UNDERSTATEMENT: Thank you for not using rani pink


UNDERSTATEMENT: Thank you for not using rani pink

Minutes before their Autumn Winter 2014 show started at JW Mariott in Delhi’s Aerocity, designer brothers Shantanu and Nikhil Mehra eagerly mused about their collection Rani Sultanate’s Istanbul inspiration, Nikhil’s recreation of the “confidential and grand couture” of a queen’s wardrobe (worth a queen’s ransom, we suppose) and so on. My mind, fuzzy with memories of some of their former collections, an image dominated by tennis player Sania Mirza in a decorative lehnga, worried if another walk into antiquity (Indian couturiers are obsessed with history tourism after all) awaited us.

The set was a cluster of dome-shaped architectural pods to seat people in circles on black velvet sofa singles; the lights blue-white, the atmosphere more ballroom than catwalk. When the first three garments walked out together, a slinky black drape dress with a dull gold bodice, the most striking of the lot, the model wearing edgy headgear, people sat up. Here was good construction–architectural as Nikhil would insist—and restrained design (and no, let’s not restrain it to cocktail bride stuff). As more garments walked out, there was little doubt that this was one of Shantanu & Nikhil’s better couture collections so far.
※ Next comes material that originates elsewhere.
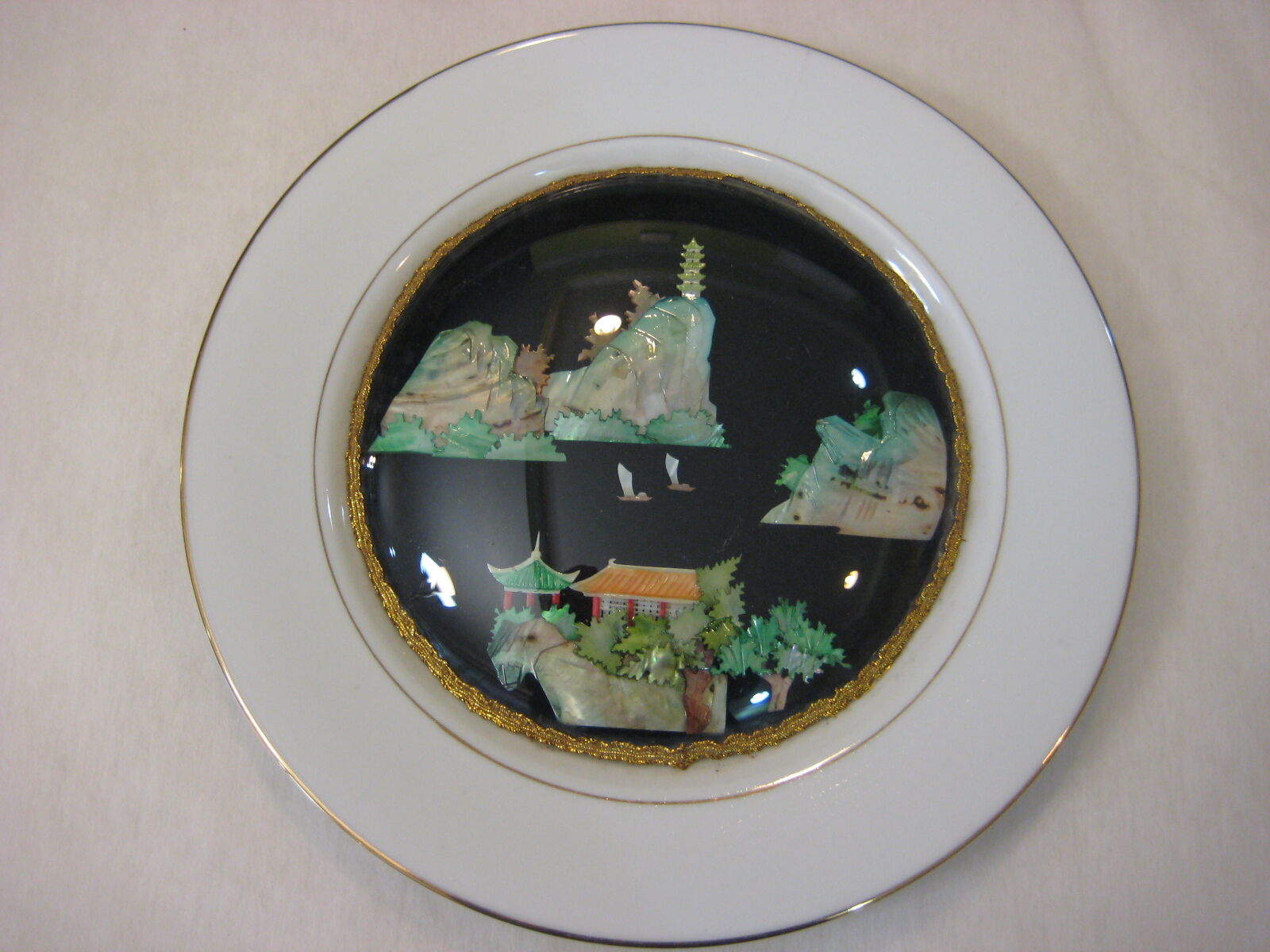 RARE BEAUTIFUL CHINESE MOTHER OF PEARL LANDSCAPE DECORATION ON GUOGUANG PLATE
Design maturity and the growing market need for quieter couture has clearly gripped the brand’s expression.

Constructed lehngas and gowns with exciting layering, fitted at the top dresses with billowing skirts in gossamer nets and laces on which tiny sequins played hide and seek, enticing drapery used for gowns, stitched saris and men’s lungis, glamorous bodices, fabric cut-outs on ballroom silhouettes—there were many good ensembles. Artistically sound and wearable, this was new couture alright. Who cared if it was for the bold Indian bride, her NRI guests or her mother-in-law’s young friends.
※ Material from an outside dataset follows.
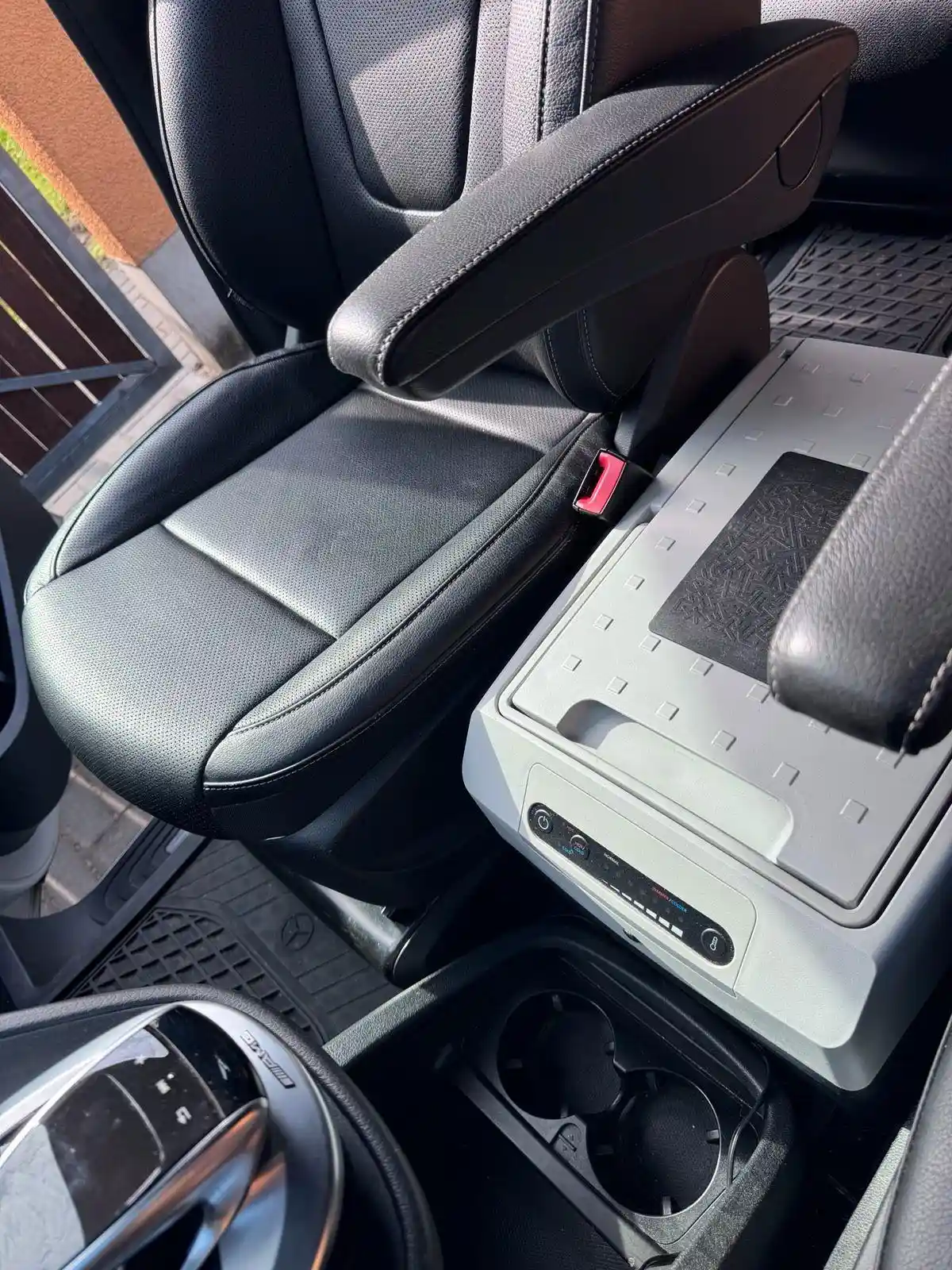Mercedes-Benz E 250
Two aspects stood out. The menswear which was very good given what one usually sees on the Indian ramp. Sexy lungis in fluid fabrics, tone on tone embroidered jackets added to some of the haute looks. The other was the colour palette. Minus fiery oranges, crazy greens and the omnipresent rani pinks of Indian bridal wear, this collection used colour as a parallel statement alongside garment construction. Lovely shades of ash grey, maroons that looked like old terracotta turned deeper with time, cold shades of nude, black that was more pepper than boot polish and deep blue to rival the hue to midnight.
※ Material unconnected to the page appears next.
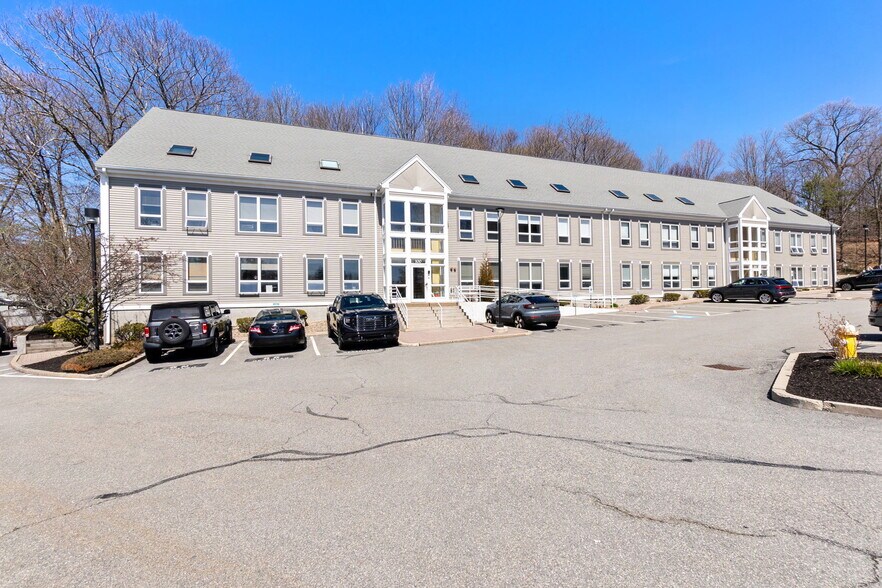 More Photos Of 491 Maple St, Danvers Office For Sale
It has to be said though that if I had read Shantanu & Nikhil’s collection note, choked with heavy adjectives, trying to tell the story of a queen who ends up sounding more neurotic than raised in traditions of couture, I would not have attended this show. Sample these lines: “…Instead, she uses the splendor of couture as the only form of escapist expression and yet has the power to reflect the elitist exchanges of ideas between her creative thoughts and the rest of the world.” The note said nothing about the silhouettes, the techniques or fabrics used and instead glorified an unrealistic idea. Especially when fashion is good and vital, designers should do away with meaningless words and stick to information. Also, some of the male models looked sleepy and in need of urgent lessons in ramp posturing—the selection needed better judgment. Finally, it wasn’t really astute to start the show with three female models each holding a bottle of Johnnie Walker Black label whisky (the show’s sponsors). It was blatant surrogate advertising. Both sponsors and designers could have worried about subtlety as that was indeed the best quality of the whole collection.